The content of a copper concentrate shipment was sampled at the receiving port. The copper concentrate was unloaded onto a conveyor belt. Every five minutes an operator using a scoop would collect an increment at the discharge of the belt. The composite sample was sent to the laboratory for assaying copper.

A QA/QC programme collecting interleaved increments to assess the uncertainty affecting each copper assay was implemented. Because the scoop used by the operator was not an equi-probabilistic sampling device and consisted of an operator-dependent grab sampling practice, the use of the word uncertainty would be totally inappropriate and highly misleading. It is very clear that a huge mistake had been made using an increment sampling device transgressing the most elementary rules of sampling correctness. The word error would be the only appropriate word to use because of the ignorance of the management team involved.

Case #3: A well-optimised sampling protocol generated an uncertainly well within well-defined Data Quality Objectives

A manager asked the laboratory to assay the calcium content of a cement clinker within a well-defined Data Quality Objective, set at ±3 % relative. The sampling and subsampling devices were fully in compliance with the TOS to prevent the occurrence of a sampling bias due to increment delimitation errors (IDE) and increment extraction errors (IEE).

The QA/QC programme revealed that the residual uncertainty affecting the assaying of calcium was only ±2 % relative.

In this case it is correct and totally appropriate to use the word uncertainty because the management team was competent at performing a qualified sampling job.

A statistical aside

As an interesting aside, some (other) statisticians in fact have no problem using the term “error”. The eminent statistician-educator David S. Salsburg has produced a wonderful popularising book: Errors, Blunders and Lies – How to tell the Difference,5 in which there is no problem using the term error and no hesitating in finger-pointing regarding how and how measurement or observation uncertainties arise. Such will always manifest themselves when observations or measurements are repeated is the message.
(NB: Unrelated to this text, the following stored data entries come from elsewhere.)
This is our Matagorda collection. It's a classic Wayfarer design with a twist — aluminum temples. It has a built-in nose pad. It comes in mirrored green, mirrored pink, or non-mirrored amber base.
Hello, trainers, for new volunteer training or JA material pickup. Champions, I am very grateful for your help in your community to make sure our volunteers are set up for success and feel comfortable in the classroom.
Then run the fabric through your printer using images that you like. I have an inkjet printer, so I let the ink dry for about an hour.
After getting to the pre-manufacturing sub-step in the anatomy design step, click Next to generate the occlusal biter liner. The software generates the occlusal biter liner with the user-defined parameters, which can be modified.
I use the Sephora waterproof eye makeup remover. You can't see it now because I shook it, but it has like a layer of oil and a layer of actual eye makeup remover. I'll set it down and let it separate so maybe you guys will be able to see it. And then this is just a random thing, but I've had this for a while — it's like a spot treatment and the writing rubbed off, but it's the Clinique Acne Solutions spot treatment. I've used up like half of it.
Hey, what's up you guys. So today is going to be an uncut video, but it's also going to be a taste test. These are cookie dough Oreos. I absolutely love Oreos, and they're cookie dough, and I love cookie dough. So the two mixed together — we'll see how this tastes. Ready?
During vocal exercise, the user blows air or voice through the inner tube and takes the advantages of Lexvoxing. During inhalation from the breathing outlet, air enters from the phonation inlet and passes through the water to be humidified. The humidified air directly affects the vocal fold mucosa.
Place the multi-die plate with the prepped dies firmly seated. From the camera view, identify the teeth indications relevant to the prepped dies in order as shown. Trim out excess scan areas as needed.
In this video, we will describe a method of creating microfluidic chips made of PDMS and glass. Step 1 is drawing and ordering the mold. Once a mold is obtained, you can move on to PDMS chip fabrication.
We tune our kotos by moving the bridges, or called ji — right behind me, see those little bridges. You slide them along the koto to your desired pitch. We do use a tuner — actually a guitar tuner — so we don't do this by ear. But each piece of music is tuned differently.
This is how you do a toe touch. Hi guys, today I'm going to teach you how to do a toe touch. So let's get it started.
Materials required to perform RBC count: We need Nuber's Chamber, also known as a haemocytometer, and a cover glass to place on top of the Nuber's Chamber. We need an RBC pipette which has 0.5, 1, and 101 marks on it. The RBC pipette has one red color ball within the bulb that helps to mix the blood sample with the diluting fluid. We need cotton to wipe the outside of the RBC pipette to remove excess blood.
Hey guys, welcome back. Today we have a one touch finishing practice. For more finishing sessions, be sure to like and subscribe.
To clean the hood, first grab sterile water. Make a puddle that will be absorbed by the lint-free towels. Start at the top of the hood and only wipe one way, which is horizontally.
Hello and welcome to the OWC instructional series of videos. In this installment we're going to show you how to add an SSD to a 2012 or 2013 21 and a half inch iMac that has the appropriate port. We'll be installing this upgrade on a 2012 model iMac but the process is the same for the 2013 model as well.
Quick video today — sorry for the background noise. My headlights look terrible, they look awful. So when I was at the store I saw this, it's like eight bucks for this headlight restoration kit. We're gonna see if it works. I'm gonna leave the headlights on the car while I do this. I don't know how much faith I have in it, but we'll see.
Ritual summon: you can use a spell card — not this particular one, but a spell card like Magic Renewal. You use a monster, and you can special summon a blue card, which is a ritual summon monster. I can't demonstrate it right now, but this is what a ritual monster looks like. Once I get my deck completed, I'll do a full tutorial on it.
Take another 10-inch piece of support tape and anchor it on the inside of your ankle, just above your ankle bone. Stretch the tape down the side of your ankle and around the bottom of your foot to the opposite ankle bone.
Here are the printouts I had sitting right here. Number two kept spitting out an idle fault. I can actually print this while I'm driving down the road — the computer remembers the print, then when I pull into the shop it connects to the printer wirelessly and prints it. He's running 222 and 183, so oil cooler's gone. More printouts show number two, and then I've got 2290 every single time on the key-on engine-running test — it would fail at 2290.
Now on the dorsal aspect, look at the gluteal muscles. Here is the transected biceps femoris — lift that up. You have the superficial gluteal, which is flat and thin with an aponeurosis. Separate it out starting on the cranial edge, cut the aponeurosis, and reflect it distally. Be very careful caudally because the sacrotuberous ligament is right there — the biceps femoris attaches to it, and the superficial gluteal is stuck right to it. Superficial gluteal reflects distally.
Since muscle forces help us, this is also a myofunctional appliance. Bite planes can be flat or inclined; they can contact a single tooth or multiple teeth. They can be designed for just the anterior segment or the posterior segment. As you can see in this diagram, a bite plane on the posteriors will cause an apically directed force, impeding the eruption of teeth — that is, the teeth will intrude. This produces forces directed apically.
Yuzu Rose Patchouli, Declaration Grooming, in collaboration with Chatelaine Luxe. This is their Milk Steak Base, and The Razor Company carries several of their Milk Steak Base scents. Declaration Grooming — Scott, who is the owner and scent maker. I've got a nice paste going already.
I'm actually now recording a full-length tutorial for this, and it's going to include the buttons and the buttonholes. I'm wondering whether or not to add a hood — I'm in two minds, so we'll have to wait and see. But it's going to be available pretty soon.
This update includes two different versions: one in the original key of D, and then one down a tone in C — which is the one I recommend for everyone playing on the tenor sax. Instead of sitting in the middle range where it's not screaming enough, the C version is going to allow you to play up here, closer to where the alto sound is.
But one is obliged to do something about this situation, and this is where statistics arrives as a knight on a white horse—enter classical statistics. It is worth noting that this type of error is solely related to measurement/observation, the only uncertainty-generating source in this realm. In the present TOS context, this type of error is identical to the analytical error, TAE. However, there is here no recognition or acknowledgement of the situation in which a much more complex process is needed before one can perform the act of “observation/measurement”, i.e. analysis. This process is, of course, the complete lot-to-aliquot sampling process, which has the, for many, unknown characteristic that the process itself will influence the outcome of analysis; the sampling process itself will incur error effects if not in compliance with the TOS. Thus, another sampling procedure, another selection of equipment, another sampler (if not TOS-competent) at work, will give rise to a principally different analytical result. This is a “measurement error” of a fundamentally different nature that what is conceived of in statistics.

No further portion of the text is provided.